Pictures are not part of the copy. Set down exactly the lines from the one containing "デミ・ムーア主演「サブスタンス」若さと美に執着する元人気スターの奇怪な運命" through the last line of the material below.

--- The data ---
· · · ·
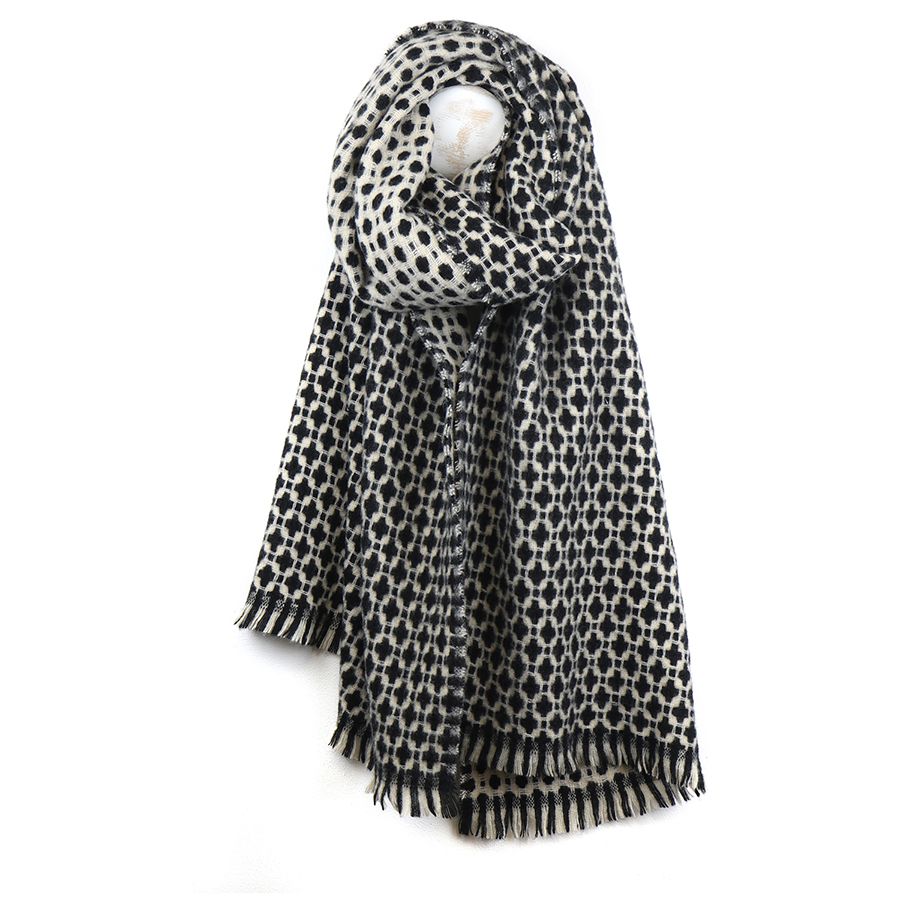 Monochrome Blanket Scarf with Tassel Fringe – Soft Winter Scarf in Black and White Geometric Design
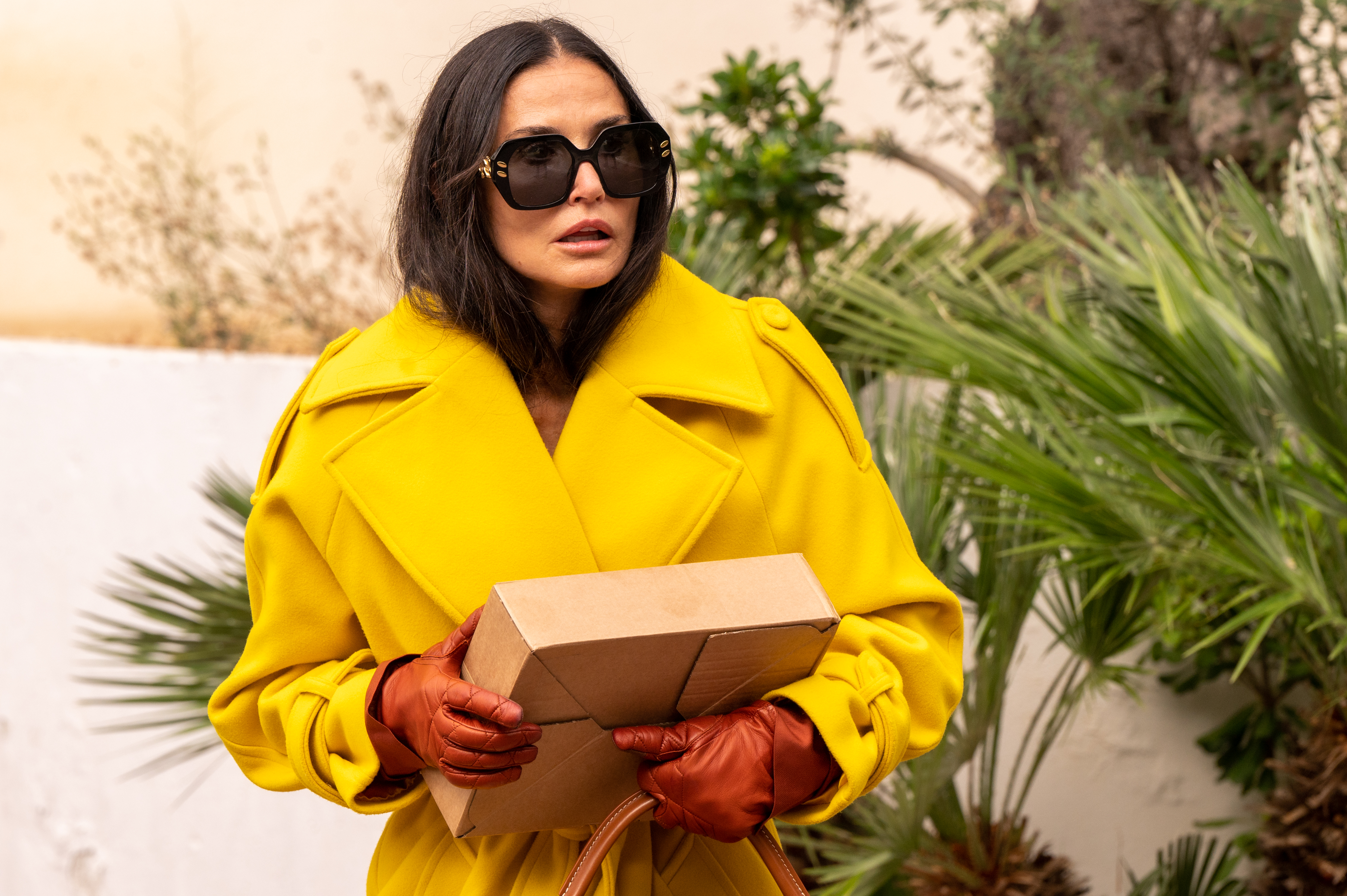 デミ・ムーア主演「サブスタンス」若さと美に執着する元人気スターの奇怪な運命
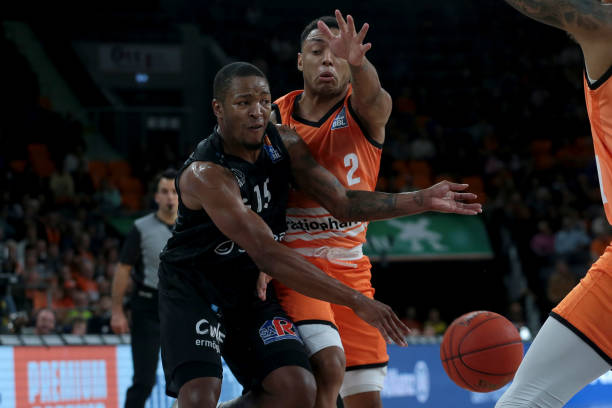 6亿美元 6亿美元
· · · ·
--- Solution below ---
 デミ・ムーア主演「サブスタンス」若さと美に執着する元人気スターの奇怪な運命
 6亿美元 6亿美元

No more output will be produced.